Page 58 of Broken Princess

"Lorenzo," she whispers, her breath faltering on her full, pink lips. "I—I don't know what to say."

"Say you'll come with me," I tell her, my heart in my throat. "Say you'll leave this place with me and start a new life. With me. Forget your family and forget mine. We can go anywhere you want, do anything you want, but just come with me. Please."

Her lips part again, but all that comes out is a strangled breath, and the confusion on her face turns to fear as she looks at something over my shoulder. I turn around just in time to find Mr. Carillo stalking toward me, and the moment I do, his fist connects with my face and sends me flying back into the altar.

Amelia cries out in alarm as I catch myself on the wooden pulpit, and the crowd starts to stir. This is a Mafia wedding, and any kind of disruption is a risk. A dangerous one.

I don't care about myself, but there's too much of a risk that Amelia would get caught in the crossfire, literal or figurative, and that's the only reason I don't immediately attack Miceli back as he approaches me.

"Dad, no!" Amelia cries, but Stefan holds her back. The sight of his hands on her shoulders enrages me, but I need to stay focused on her father right now.

"You have no idea what you're doing, Lorenzo," Miceli growls, coming to a stop in front of me. "You really think you can take my daughter away from me? You think I'm going to let you just walk out of here with her?"

"You don't have a choice," I tell him, trying to keep my voice even. "But she does. And I'm not leaving until she tells me to."

"You're going to regret this," Miceli warns me, his hand clenched into a fist at his side.

"This? No," I say, looking over at Amelia. "Amelia is the best thing that's ever happened to me, and I'm not letting her go."

A strangled gasp comes from somewhere in the crowd and I turn to find Kayleigh rushing down the aisle toward the door. Her mother leaps up to follow her.

Part of me actually feels bad for her. Not for ending the engagement, which I should have done ages ago, but for doing it this way, in front of everyone, where her humiliation is just collateral damage.

But I shove that feeling away and focus on Miceli again.

"You see?" he says, turning to Amelia. "He's nothing but a thug. He doesn't care about you, or your baby. He's going to leave you both high and dry the minute he gets what he wants, just like your sister."

"That's not true," Amelia protests, her voice shaking.

"It doesn't matter what you think," Miceli tells her, his voice hard. "You're my daughter, and I'm not going to let him ruin your life. Get him out of here," he bellows, and immediately, three men in dark suits who've been lingering around the aisle, waiting for instruction, approach me.

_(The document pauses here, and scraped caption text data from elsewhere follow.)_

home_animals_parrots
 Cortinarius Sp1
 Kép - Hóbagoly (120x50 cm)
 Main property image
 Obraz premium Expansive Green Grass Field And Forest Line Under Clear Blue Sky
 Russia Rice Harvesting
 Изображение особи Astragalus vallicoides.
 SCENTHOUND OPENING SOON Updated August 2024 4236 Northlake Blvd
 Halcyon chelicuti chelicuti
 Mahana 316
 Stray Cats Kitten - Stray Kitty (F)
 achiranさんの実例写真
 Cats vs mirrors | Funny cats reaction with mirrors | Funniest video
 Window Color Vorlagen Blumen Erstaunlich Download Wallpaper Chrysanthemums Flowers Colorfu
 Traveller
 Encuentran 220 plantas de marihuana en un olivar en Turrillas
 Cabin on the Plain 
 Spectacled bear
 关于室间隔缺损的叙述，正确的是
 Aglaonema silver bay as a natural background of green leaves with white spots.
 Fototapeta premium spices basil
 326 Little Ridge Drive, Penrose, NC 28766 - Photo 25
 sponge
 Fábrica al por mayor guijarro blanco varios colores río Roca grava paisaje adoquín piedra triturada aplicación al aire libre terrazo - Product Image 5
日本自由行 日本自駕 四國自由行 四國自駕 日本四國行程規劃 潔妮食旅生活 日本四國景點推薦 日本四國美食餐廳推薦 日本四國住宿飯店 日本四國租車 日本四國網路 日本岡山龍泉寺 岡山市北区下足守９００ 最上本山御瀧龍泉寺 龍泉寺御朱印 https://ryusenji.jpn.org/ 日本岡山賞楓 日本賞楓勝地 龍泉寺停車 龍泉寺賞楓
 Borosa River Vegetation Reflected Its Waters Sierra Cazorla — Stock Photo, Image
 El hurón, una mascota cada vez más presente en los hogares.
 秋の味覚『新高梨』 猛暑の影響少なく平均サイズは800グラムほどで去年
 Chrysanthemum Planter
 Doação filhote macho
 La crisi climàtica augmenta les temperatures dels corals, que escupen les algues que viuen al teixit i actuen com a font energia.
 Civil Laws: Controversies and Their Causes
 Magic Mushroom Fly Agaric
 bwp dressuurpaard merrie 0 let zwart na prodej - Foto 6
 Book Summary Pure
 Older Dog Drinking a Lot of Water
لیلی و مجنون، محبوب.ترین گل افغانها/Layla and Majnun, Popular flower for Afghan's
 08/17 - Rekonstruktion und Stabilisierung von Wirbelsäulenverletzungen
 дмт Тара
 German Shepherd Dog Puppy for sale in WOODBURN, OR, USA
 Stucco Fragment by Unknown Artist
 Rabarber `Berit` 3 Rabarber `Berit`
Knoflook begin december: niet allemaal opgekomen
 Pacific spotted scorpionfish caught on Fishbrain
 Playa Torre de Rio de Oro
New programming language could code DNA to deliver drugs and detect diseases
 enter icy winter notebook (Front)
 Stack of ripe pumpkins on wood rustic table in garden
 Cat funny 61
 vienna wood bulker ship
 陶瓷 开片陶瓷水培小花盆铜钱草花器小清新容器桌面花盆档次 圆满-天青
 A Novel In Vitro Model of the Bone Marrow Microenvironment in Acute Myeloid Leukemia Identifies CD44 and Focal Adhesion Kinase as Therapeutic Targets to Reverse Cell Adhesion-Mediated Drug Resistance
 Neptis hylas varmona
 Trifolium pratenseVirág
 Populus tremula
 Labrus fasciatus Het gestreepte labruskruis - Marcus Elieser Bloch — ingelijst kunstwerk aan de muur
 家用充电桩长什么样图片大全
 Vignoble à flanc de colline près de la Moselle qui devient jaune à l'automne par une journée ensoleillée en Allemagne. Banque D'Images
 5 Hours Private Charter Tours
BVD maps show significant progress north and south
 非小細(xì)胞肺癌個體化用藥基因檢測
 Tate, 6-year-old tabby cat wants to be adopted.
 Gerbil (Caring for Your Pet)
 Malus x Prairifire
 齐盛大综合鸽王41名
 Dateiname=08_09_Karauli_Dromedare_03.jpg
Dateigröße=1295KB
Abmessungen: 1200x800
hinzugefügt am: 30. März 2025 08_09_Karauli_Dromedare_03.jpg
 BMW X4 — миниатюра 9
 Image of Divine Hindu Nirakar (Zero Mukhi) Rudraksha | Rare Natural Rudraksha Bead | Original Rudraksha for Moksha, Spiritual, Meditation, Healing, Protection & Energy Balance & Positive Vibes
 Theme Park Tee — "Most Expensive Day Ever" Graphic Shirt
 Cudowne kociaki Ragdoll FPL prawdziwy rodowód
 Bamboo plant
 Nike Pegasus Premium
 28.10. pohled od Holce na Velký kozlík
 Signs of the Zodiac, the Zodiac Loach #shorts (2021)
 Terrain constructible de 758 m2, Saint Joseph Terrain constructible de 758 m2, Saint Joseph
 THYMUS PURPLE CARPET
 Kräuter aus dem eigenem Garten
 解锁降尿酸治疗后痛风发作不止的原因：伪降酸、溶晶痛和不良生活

I resist my first impulse to fight, and I'm pretty sure there's so much adrenaline coursing through my veins I could take all three of them, but again, that's a risk I'm not willing to take.

Even though there's part of me that's considered just kidnapping her and dealing with the consequences later, to get her away from him—from all of them—I can't do that, either.

I realize that now.

I want her to want me—toneedme—the same way I want and need her.

It has to be mutual.

I love her and respect her too much for anything else, and throwing her over my shoulder and riding off into the sunset is just going to be another version of what her father is already doing to her. Taking away her free will, using her like a pawn. I can't do that.

No... that's not true.

I could, very easily.

But I won't.

I do resist, though, when the men try to pull me down the aisle toward the door so their boss can get back to this sham of a wedding. And when one tries to grab me by the back of the jacket and haul me off, I shove into him.

"Wait!" Amelia cries, her voice echoing through the cathedral.

The men stop and turn to look at her, and I do too.

She pulls out of Stefan's grasp and tosses her red-and-white bouquet aside. She lifts the hem of her dress as she runs down the steps and toward me.

"I'll go with him," she says, her voice small but determined as she comes to a stop a few feet away. "I want to go with him."